FYI. I note in this report, "However, as much as the light from TOI-849b's star would sear the
exoplanet, the scientists noted such heating alone might still not strip a gas giant's atmosphere down to nearly the planet's core. They estimated the star is about 6.7 billion years old. Given that amount of time, as well as TOI-849b's distance from its star, they calculated a Jupiter-like gas giant would have lost only a few percent of its mass due to stellar radiation to date...All in all, TOI-849b may give scientists a glimpse at what the core of a gas giant looks like. Future research may directly observe that core's composition by analyzing evaporated material in the exoplanet's remaining atmosphere. Further work may also investigate whether this exoplanet actually was a gas giant whose atmosphere was stripped away by the light from its star. "They claim that it's unlikely, but these calculations are hard to do," Raymond said. The new study, which was led by David Armstrong of the University of Warwick in England, has been accepted by the journal Nature.

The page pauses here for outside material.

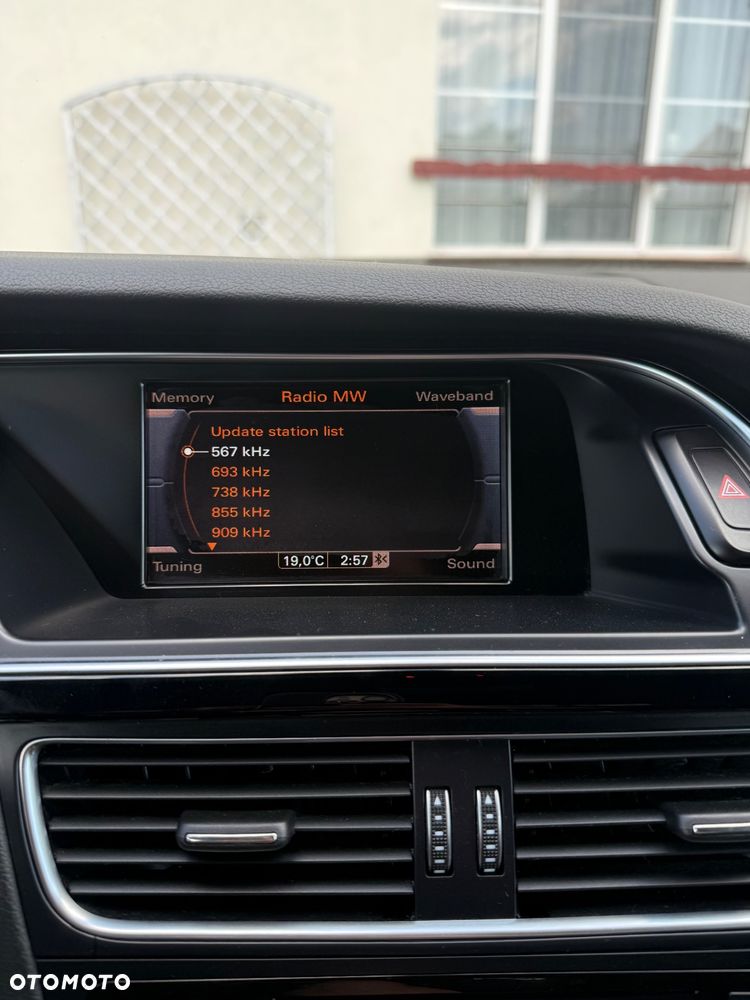 Audi A4 Avant 2.0 TDI DPF clean diesel S line Sportpaket - 16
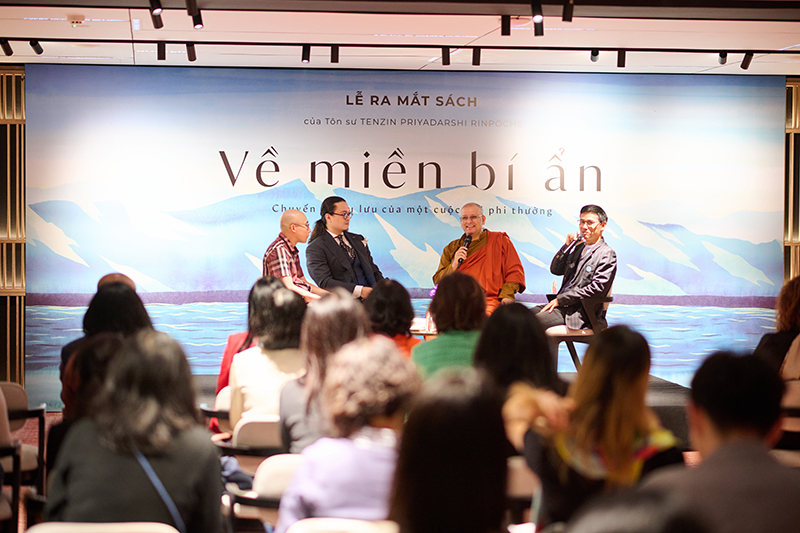 1765317802 163 Ra mat hoi ky Ve mien bi an tai Ha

You can read a
preprint of the paper for free at arXiv.org."
Another report shows the core gas giant interpretation, is tentative as well, ref -
http://exoplanet.eu/catalog/toi-849_b/, "Armstrong et al. (2020) : TOI-489 b is probably a remnant planetary core. The equilibrium telmperature is computed assuming an albedo of 0.3."
The gas giant core view remains to be confirmed. If this exoplanet formed in situ, problems show up in protoplanetary disk accretion. Also the age calculation for the host star is not as straight forward as H-R diagrams for open clusters and globular clusters showing main sequence turn-off ages.